Während der Plan einer gewesenen Ausfallstraße mit großem Aufwand nachjagt, bleibt er im Umgang mit der bestehenden Magistrale phantasielos. Vor den existierenden Quader werden weitere errichtet, nördlich quer, südlich längs. Der Querschnitt wird von 125 auf 90 Meter verengt. Auf dem Mittelstreifen stehen zwei Baumreihen. Die Zahl der Fahrstreifen bleibt bestehen.

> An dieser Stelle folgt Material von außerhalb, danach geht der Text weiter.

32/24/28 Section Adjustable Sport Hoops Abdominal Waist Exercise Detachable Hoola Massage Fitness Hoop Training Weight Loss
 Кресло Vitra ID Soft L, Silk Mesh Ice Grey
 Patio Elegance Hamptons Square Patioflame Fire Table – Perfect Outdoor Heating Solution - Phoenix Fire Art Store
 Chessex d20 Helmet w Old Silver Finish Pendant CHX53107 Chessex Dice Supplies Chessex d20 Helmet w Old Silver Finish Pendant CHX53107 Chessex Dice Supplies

Damit ist die kompositorische Ordnung respektiert, eine bewährte Breite hergestellt und die Leere des Aufmarschplatzes zugebaut. Doch zugleich verschwindet ein einzigartiger Straßenraum, der die Dimensionen der Gesamtstadt erahnen läßt. Ist aber das Problem einer Straße, deren nächster, bedeutender Haltepunkt „Warschau“ heißt, eine Frage von Abmessungen? Hat die demokratische und marktwirtschaftliche Stadtplanung keine anderen Möglichkeiten, die Freiräume in Betrieb zu nehmen, als sie mit sieben Geschossen Wohnen/Gewerbe zuzustellen?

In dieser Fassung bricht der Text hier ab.